I think the wifey has me dying in this house (unless I can buy a bigger house in the same town) and if I don't agree....I don't get none.


----------



## ropensaddle (Jun 1, 2010)

treevet said:


> I think the wifey has me dying in this house (unless I can buy a bigger house in the same town) and if I don't agree....I don't get none.



Lol its all good hell with the global warming you may be on to something I may need to plant cacti


----------



## treevet (Jun 1, 2010)

wonder why it is just suckering off one side? We can learn a lot from trees in juvenile stages.

This linden I have been nurturing for 6 years now. The first year it turned brown in the summer and every year just a little later despite my religious watering vigil and protecting the stem. If it was the city caring for it (it is in city space but I bought and planted it) it would have died the first year.

This year it appears to finally be established. My lawn service will be shot on site if they even graze the trunk and they know it.


----------



## treevet (Jun 1, 2010)

This A. elm disease resistant cultivar on the other side of my drive from the linden was planted just 3 years ago. It is an EXTREMELY fast growing tree and it 10 to 15 feet taller than the linden despite going in at the same size 3 years later. I have been planting them all over town and have not lost one yet.....instant shade. I love these trees....Valley Forge I believe.





gotta go to work ...my gm back from the dump


----------



## pdqdl (Jun 1, 2010)

I planted a Bracken Brown Beauty about 4 years ago at my house. That tree is pitifully slow growing. It is still a spindly 5' tall.

It only has about 30 leaves on it, and it still hasn't recovered from the winter damage. It is only starting to grow new leaves.
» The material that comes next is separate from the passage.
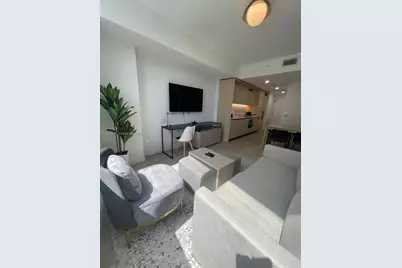 225 N Miami Ave #805, Miami, FL 33128 - Photo 8
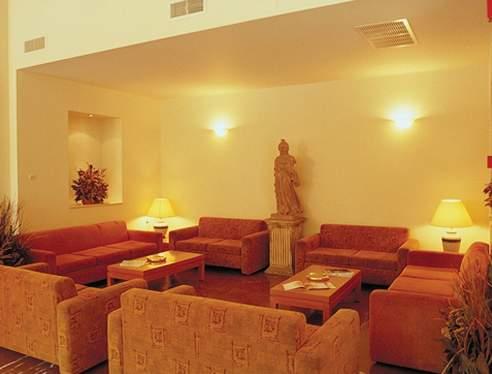 King Jason Hotel アテネ エクステリア 写真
Despite claims that they survive further north, don't count on a great tree in zone 5-6.


----------



## Toddppm (Jun 1, 2010)

Kate Butler said:


> I don't have any other pictures of that fence. I bought it from a local place that uses 100 year old equipment to make the split rails. The neatest part is that you don't have to sink the posts in the ground as there is a flange with rebar attached to the bottom of the end posts (the end posts look lick short ladders) and you just sink the rebar flush to the ground. Of course, it's not for livestock, but it's very quick to install.



Ah OK, I've seen a couple that look like that but the rails are wired in place, I just don't like the idea of wires sticking out or rusting/falling off later. I'll figure something out.

Also got a Redtwig Dogwood from a customer I just planted who had too many suckers coming up. Was sitting in a pot for a year, getting dried out, run over from the truck and plowed over this winter. I figure it must be good enough to plant to make it through all of that! It gets a cool yellowish pink color in the spring that's very bright, not sure which one it is but it also gets about 10 ft.tall. Just dropped her off some Lenten Roses in trade the other day since I have too many growing like crazy.


----------



## treevet (Jun 1, 2010)

pdqdl said:


> I planted a Bracken Brown Beauty about 4 years ago at my house. That tree is pitifully slow growing. It is still a spindly 5' tall.
> 
> It only has about 30 leaves on it, and it still hasn't recovered from the winter damage. It is only starting to grow new leaves.
> 
> Despite claims that they survive further north, don't count on a great tree in zone 5-6.



according to Dirr's map we are in zone 6 but get temps that equate to zone 5. If that is true your claim is not accurate as I have planted over a hundred of them, many facing north and exposed and have yet to lose one. A one tree example on your part is not very scientific you must admit. 

All mine are thriving and full and beautiful (6 in my own yard).

They may have sold you an imposter or a genetically weak specimen. I have seen Little Gems sold as Brown Beauties in nurseries.

Over the last couple of months is when they look very sickly but now are getting shiny and vivid dark green. 

They are a semi dwarf that will peak around 20 in my experience. Perfect for screening, perfect for foundation planting.


----------



## Kate Butler (Jun 1, 2010)

Toddppm said:


> Ah OK, I've seen a couple that look like that but the rails are wired in place, I just don't like the idea of wires sticking out or rusting/falling off later. I'll figure something out.
> 
> Also got a Redtwig Dogwood from a customer I just planted who had too many suckers coming up. Was sitting in a pot for a year, getting dried out, run over from the truck and plowed over this winter. I figure it must be good enough to plant to make it through all of that! It gets a cool yellowish pink color in the spring that's very bright, not sure which one it is but it also gets about 10 ft.tall. Just dropped her off some Lenten Roses in trade the other day since I have too many growing like crazy.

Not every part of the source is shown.